Why, then, have I called this post "Happy Waitangi Day"? Well, I have some former housemates in the UK to thank for that. Two of them. Both Americans. Both nice guys.

Back then, there were six of us living in the house: two Americans, two Kiwis and two Brits. One fine, cold 6th February in Oxford, the two Americans both wished me a "Happy Waitangi Day". Independently of each other, no less. I guess one or both of them must have had one of those international diaries which lists national holidays from countries around the world and noticed that 6th February was New Zealand's national day and was called Waitangi Day. I suspect they imagined it was something like Thanksgiving - hence the cheery "Happy Waitangi Day!" I was so impressed that a) they'd even noticed, and b) they'd bothered to say anything, that I didn't have the heart to let on that Waitangi Day wasn't necessarily considered that much of a cause for celebration and that we didn't really wish each other a happy one in our neck of the woods. Instead, I just thanked them and went about my business.

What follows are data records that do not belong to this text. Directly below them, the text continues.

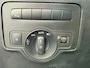 Mercedes-Benz Vito 111 CDI Lang DC Comfort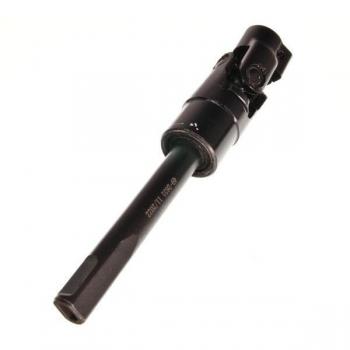 Árbol de dirección MAXGEAR 49-2631 con alta resistencia y precisión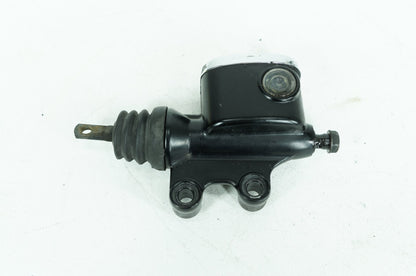 2008 - 2016 Harley-Davidson Touring Road Glide Custom Rear Brake Master Cylinder Reservoir  	41763-08C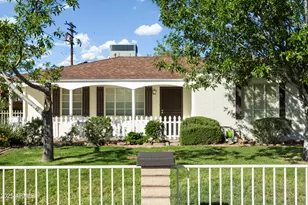 3312 N 15th Ave, Phoenix, AZ 85015 - Photo 2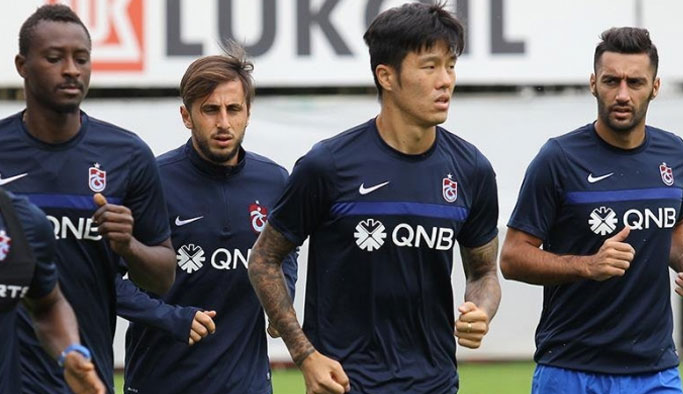 Yanal'ın Mustafa değişikliği ile ilgili şok eden iddia!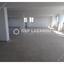 studio office for rent kaimakli nicosia 7729215 thumbnail 10122109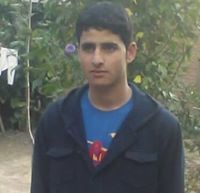 Raashid Tantray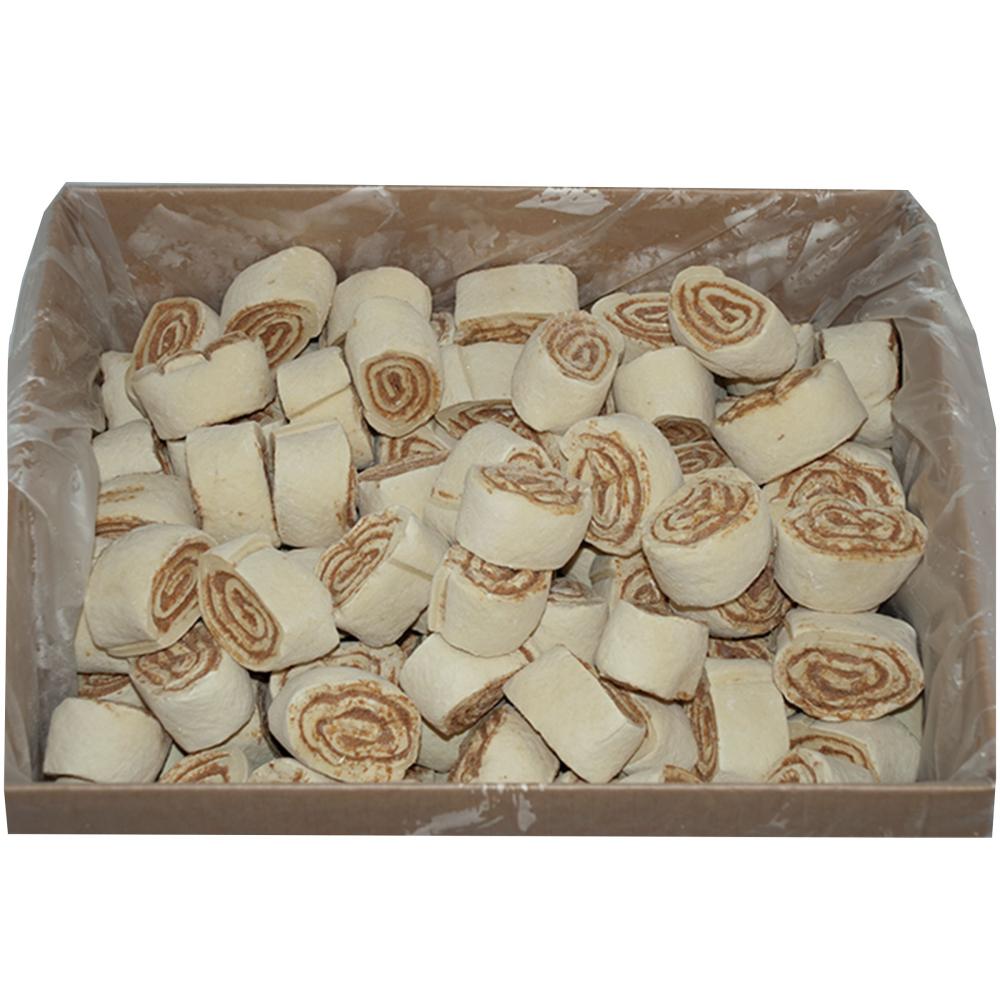 Product gallery 98519129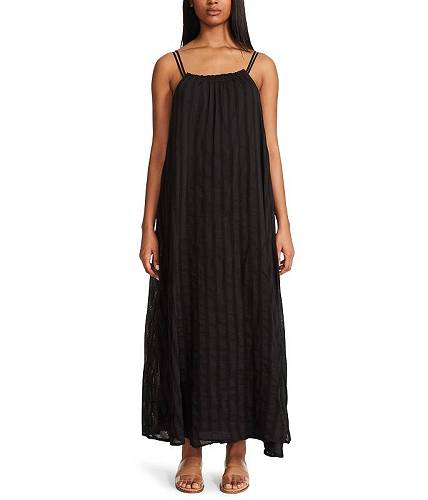 送料無料 スティーブマデン Steve Madden レディース 女性用 ファッション ドレス Flowget About It Dress - Black 送料無料 スティーブマデン Steve Madden レディース 女性用 ファッション ドレス Flowget About It Dress - Black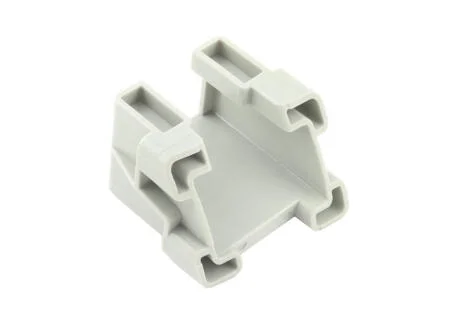 Форсунка омивача фар LH AND 3J955105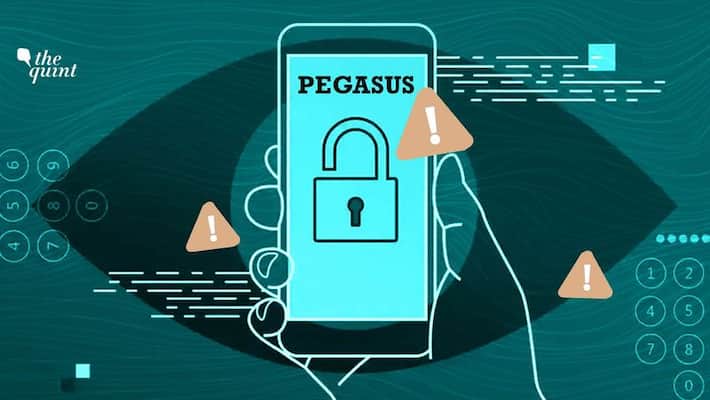 about sixty indian women in Pegasus snooping list reports the wire about sixty indian women in Pegasus snooping list reports the wire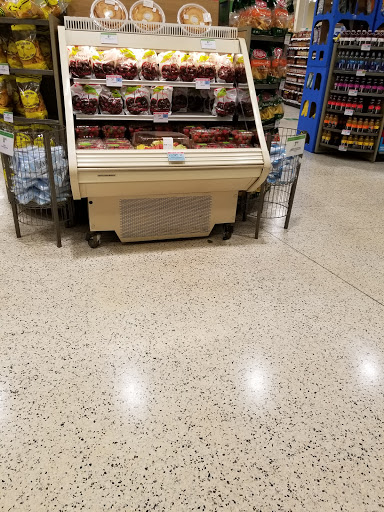 Drug Store «Walgreens», reviews and photos, 1490 Rock Springs Rd, Apopka, FL 32712, USA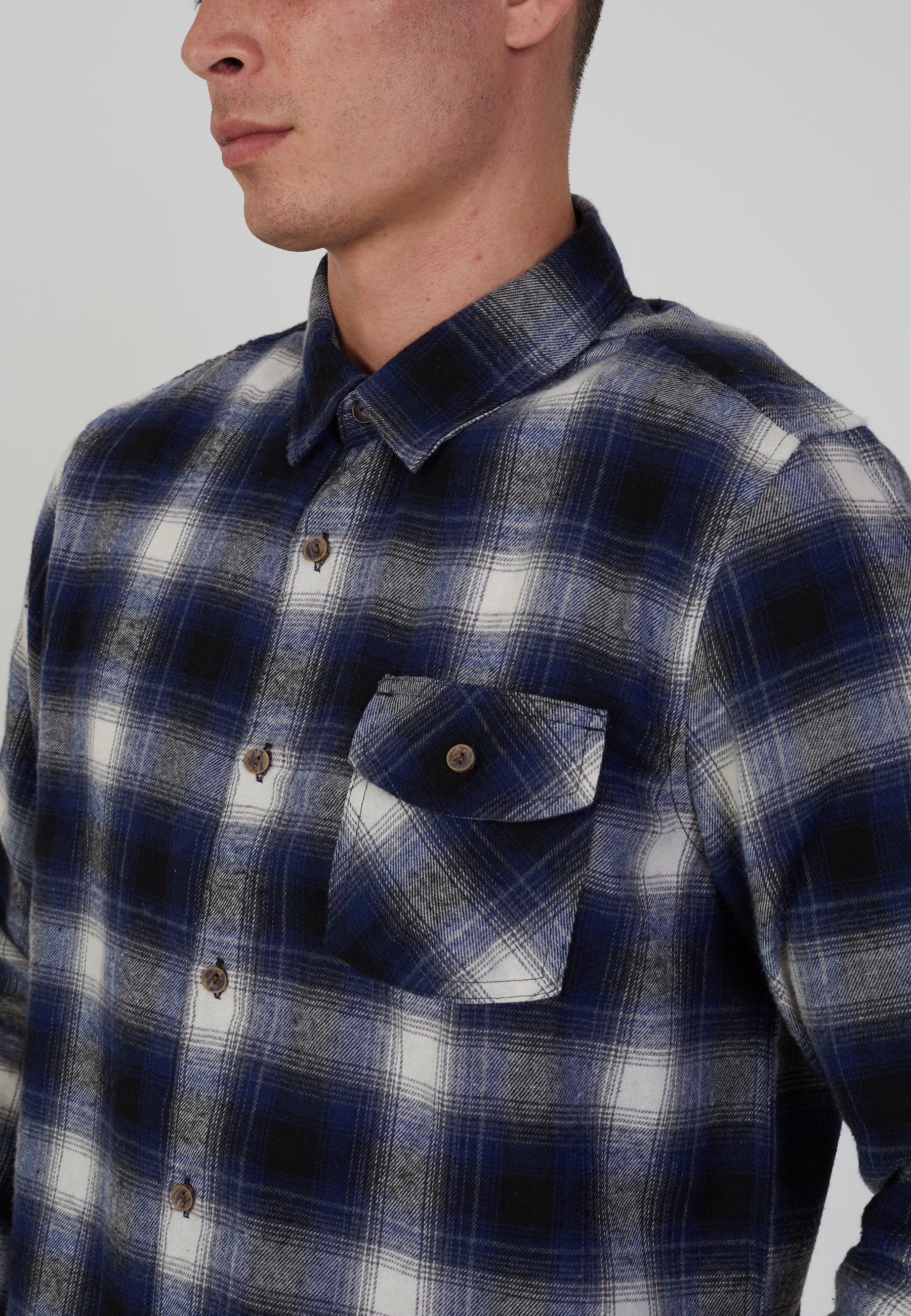 Antelope Shirt - Image 3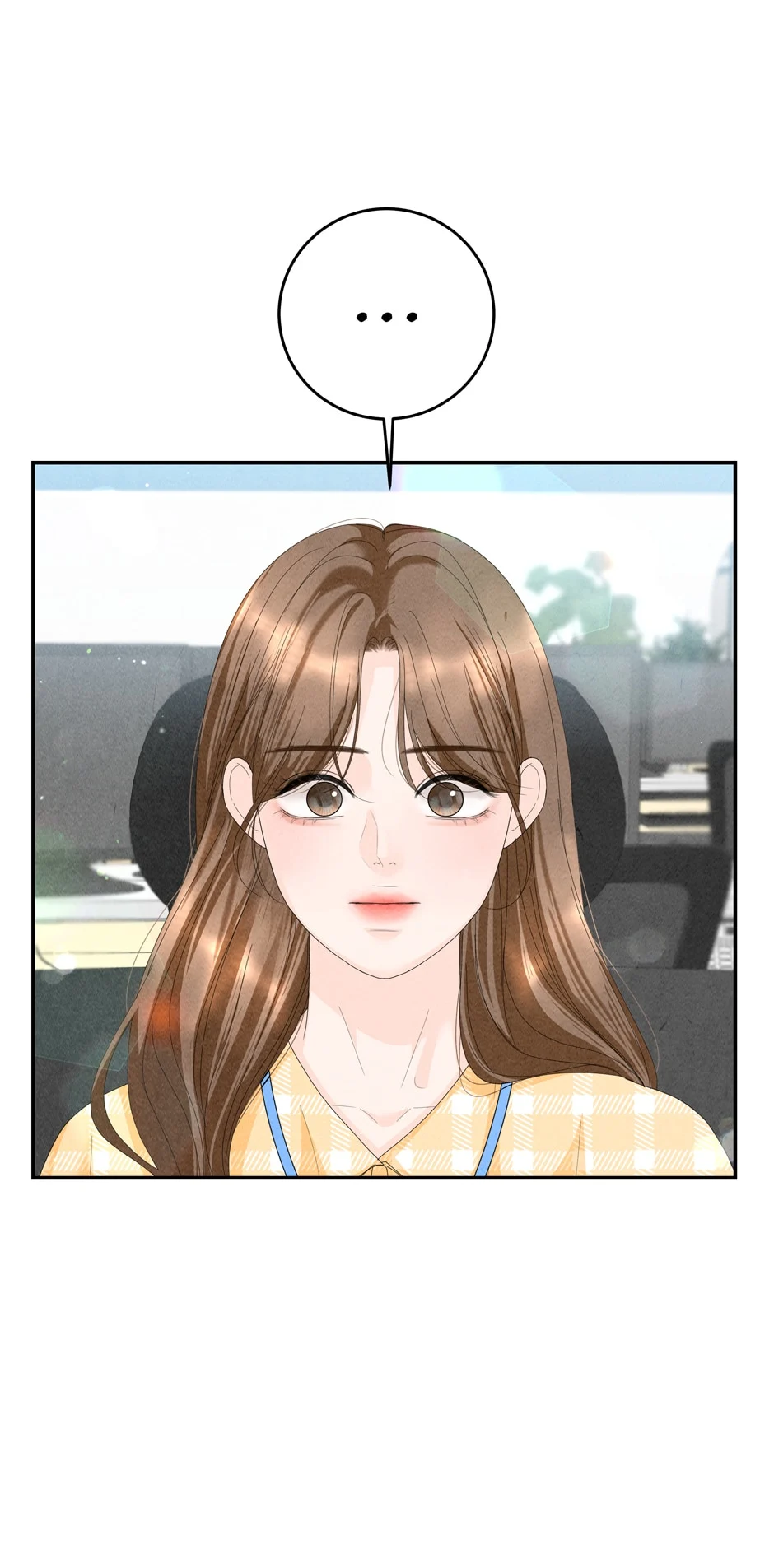 4 Ways To Save Your Wife chapter 81 page 21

But it kind of stuck. So now, with no regard for whether or not it's the done thing, I cheerily wish people a Happy Waitangi Day. I don't care about the confuddled looks such a comment tends to draw. It's just, well, nice. Things aren't perfect in New Zealand, by any means, and we have our fair share of home-grown issues, especially with regard to race-relations. But we also have a pretty special and pretty unique tiny little isolated corner of the world that we have the privilege of calling home, and we have made something of it. On a national day, that is worth celebrating and being, well, happy about. Don't you think? Why it took me 25 years and some inadvertent prompting from a couple of Americans to make me realise that is completely beyond me.